Why Does Ping to pop3.sina.net Pause for 15 Seconds? A DNS Troubleshooting Walkthrough

Yesterday a colleague reported an abnormal connection to our POP service for a telecom user. When I pinged the service from an Alibaba Cloud ECS instance, the connection reached the telecom VIP address, but the first frame to the second was unusually slow—about 15 seconds—while the overall ping latency averaged only 15 ms.

Suspecting the ping tool itself, I captured traffic with tcpdump:

$ tcpdump -s 0 -i eth1 host 49.7.36.125 -w 11-17-ping1.pcap

The capture showed that each ICMP request and response was fast, but after the second packet there was a 15‑second gap before the third packet arrived.

To investigate further I ran strace on the ping command:

$ strace -e trace=network -o 11-17-1.log -Tt ping pop3.sina.net -c 2

The strace output (see image) confirmed that the ICMP packets were exchanged quickly, but a large amount of time was spent in DNS resolution. The local Alibaba Cloud DNS servers (10.202.72.118 and 10.202.72.116) were queried to resolve pop3.sina.net to 49.7.36.125.

When I pinged the IP address directly, the command finished instantly:

$ strace -e trace=network -o 11-17-2.log -Tt ping 49.7.36.125 -c 2

Similarly, pinging www.baidu.com was fast, indicating that the problem lay with DNS rather than the ping implementation.

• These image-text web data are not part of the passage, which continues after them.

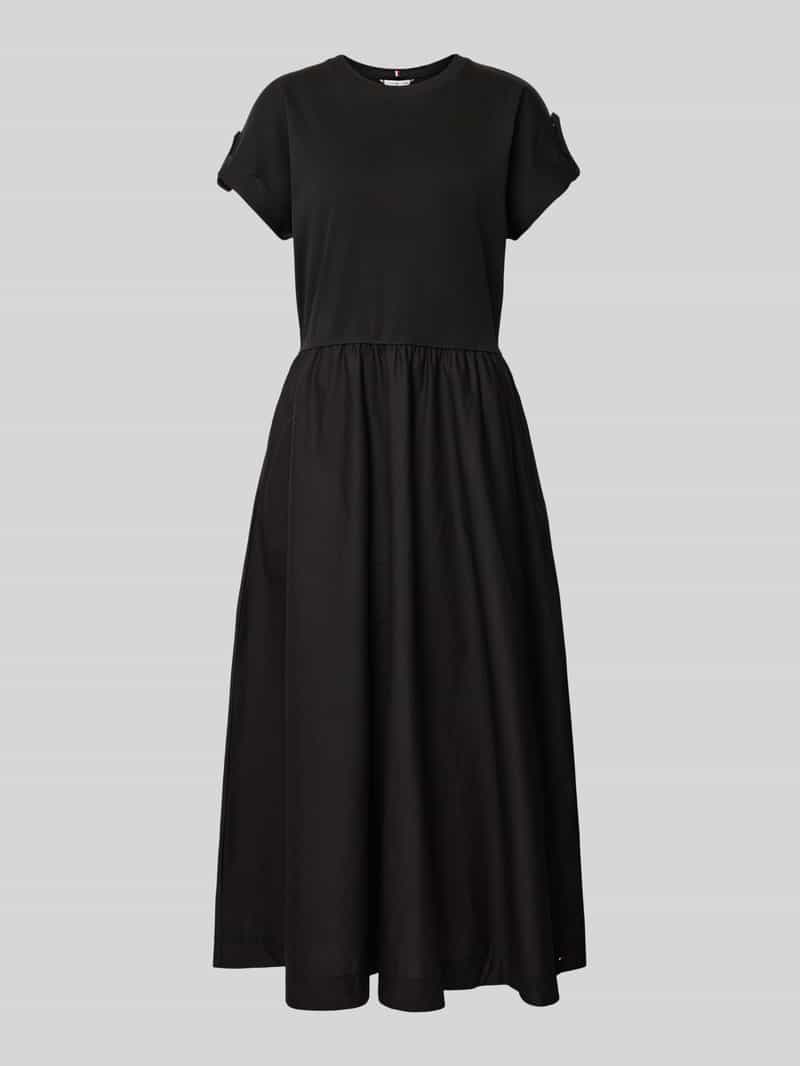 Sukienka midi Fit-and-Flare ze złotymi guzikami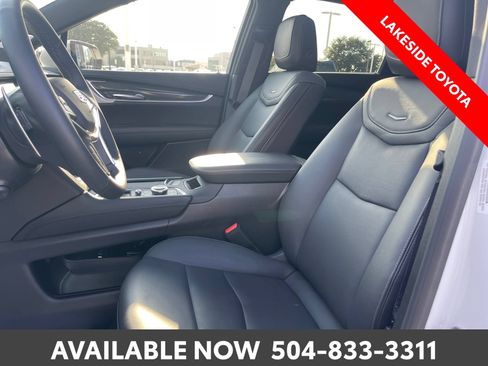 Used 2025 Cadillac XT5 Sportv w/ Technology Package AWD/4WD image 29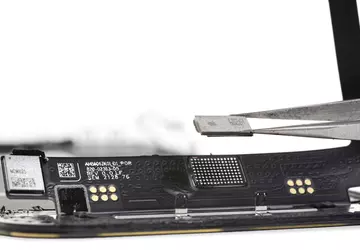 Der Austausch eines iPhone 13-Displays bei ...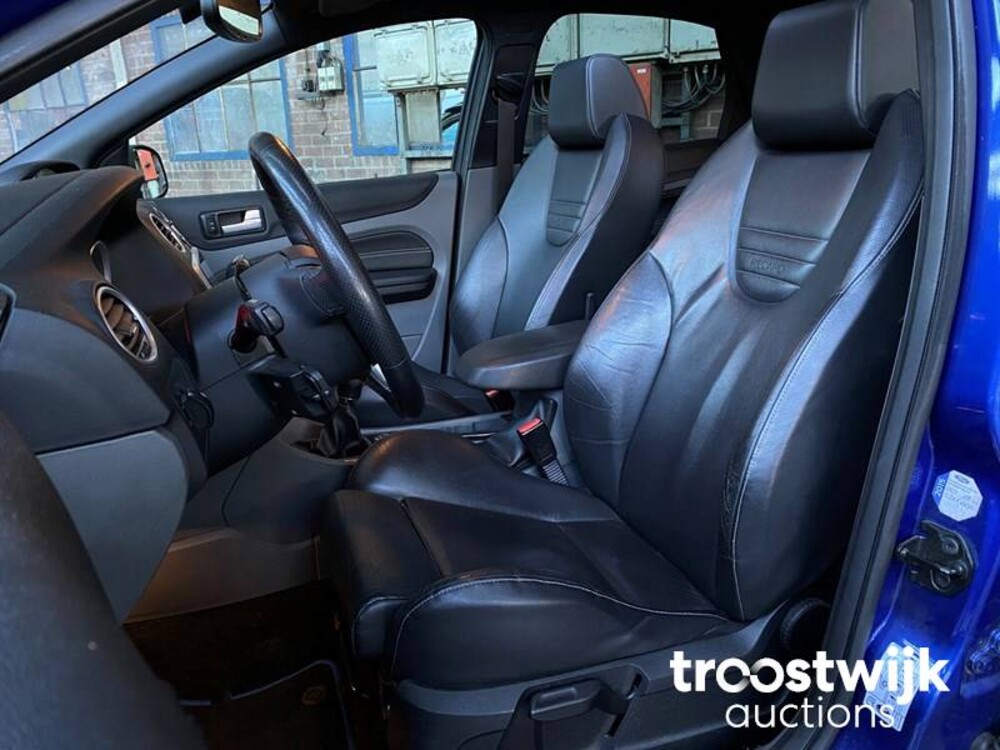 Ford Focus ST 2.5T Auto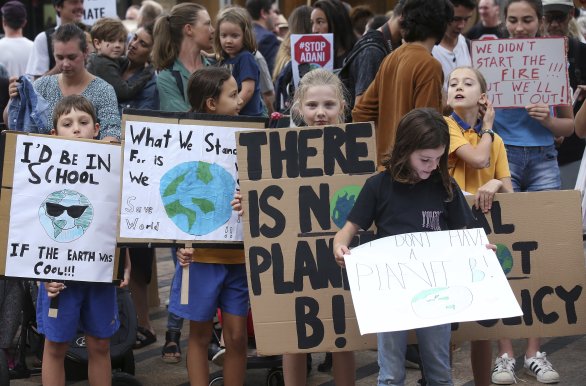 Za boj proti klimatickej zmene protestujú aj austrálski školáci. Foto - TASR/AP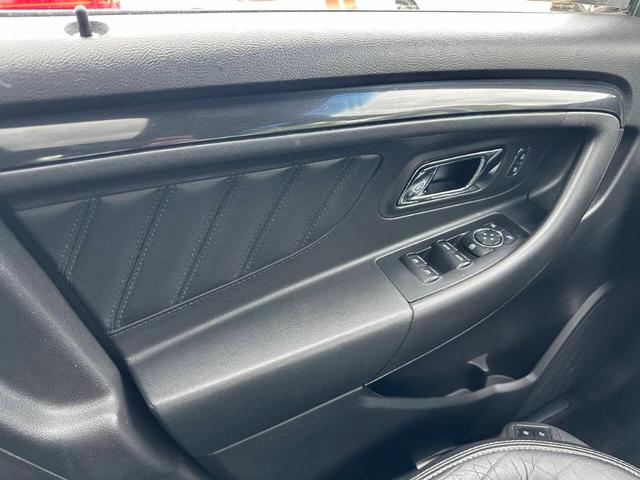 Photo of 2017 White Ford Taurus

I captured DNS traffic with tcpdump for both the ping and a dig query:

$ tcpdump -s 0 -i eth0 port 53 -w 11-17-dns2.pcap   # ping pop3.sina.net
$ tcpdump -s 0 -i eth0 port 53 -w 11-17-dns3.pcap   # dig -t a pop3.sina.net

The dig capture was simple and fast, while the ping capture showed many DNS‑related delays.

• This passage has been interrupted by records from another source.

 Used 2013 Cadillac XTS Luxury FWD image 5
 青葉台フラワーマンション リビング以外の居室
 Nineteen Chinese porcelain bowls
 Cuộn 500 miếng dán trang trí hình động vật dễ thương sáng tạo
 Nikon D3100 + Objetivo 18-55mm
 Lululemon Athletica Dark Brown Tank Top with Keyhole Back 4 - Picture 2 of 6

After switching the local DNS to Google’s 8.8.8.8, both ping and dig responded instantly, confirming that the slowdown was caused by the Alibaba Cloud local DNS (or our corporate DNS server) rather than the network itself.

Thus, the culprit appears to be slow DNS resolution, not the ping tool or the underlying network.